En attendant la reconstruction et les indemnisations, le secteur était encore en bonne partie paralysé par les glaces lundi. Sur la rue Saint-Léandre en particulier, des voitures étaient figées dans un impressionnant couvert gris et plusieurs rues environnantes étaient toujours bloquées.
Personne n’était en mesure de dire quand les choses reviendraient à la normale, mais on observait néanmoins un certain progrès. «Le débit de la rivière a baissé énormément, ce qui nous permet de travailler, de contourner l’eau pour libérer des rues et des résidences», a expliqué l’expert en sécurité civile de la Ville de Québec Michel Therrien, en matinée.

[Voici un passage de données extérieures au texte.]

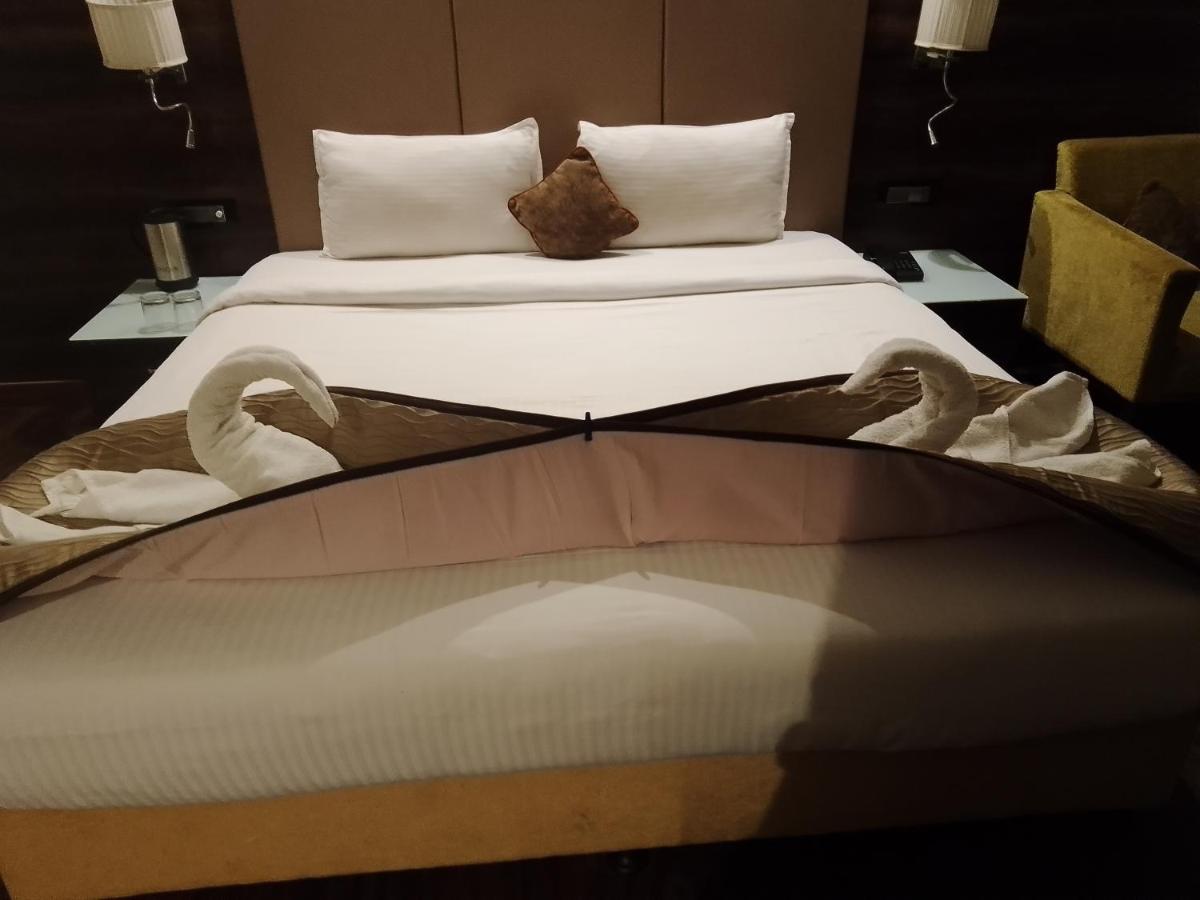 Hotel 5 Flowers Ananta Elite Kota  Eksteriør billede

Tout en soulignant que son équipe travaillait sans relâche depuis deux jours à briser les morceaux de glace et à les déplacer, M. Therrien a rappelé qu’il]s devaient procéder avec beaucoup de précautions afin d’éviter que l’embâcle ne se déplace « plus bas » et inonde de nouveaux secteurs.
Le risque d’une nouvelle inondation en aval dans le secteur de la rue Masson n’était d’ailleurs pas écarté lundi. Or, personne n’avait été évacué parce que, si ça s’avérait, cela ne serait pas subit, a-t-il précisé.
« On fait le maximum », a répété quant à lui le maire de la ville, Régis Labeaume, qui était aux côtés du ministre Coiteux en fin de journée. «Je sais évidemment que les sinistrés trouveront qu’on n’en fait pas assez, mais on ne peut pas en faire plus. La nature est là, on ne peut pas la défier à ce point-là… »
M. Labeaume, qui résidait tout près du site lors de l’inondation de 1981, a souligné qu’au moins, à l’époque, la crue n’avait pas été suivie d’un froid glacial. «C’est un épisode terrible pour les gens qui vivent là. Des inondations, c’est abominable en plein été. Imaginez avec les températures qu’on a… »
Pendant ce temps à l’hôtel de ville, le chef de l’opposition, Jean-François Gosselin, a reproché au maire en point de presse d’avoir tardé à se présenter en personne sur les lieux. «C’est la moindre des choses au moins de se déplacer. Je m’attendais à ce qu’il soit là dimanche », a-t-il dit. Interrogé à cet égard, le maire a rétorqué que la conseillère municipale du secteur, Dominique Tanguay, était là. «Ça ne servait à rien de faire du spectacle ici. Dominique était là à la journée longue. J’avais les informations au fur et à mesure. Il n’y a rien que je pouvais faire de plus.»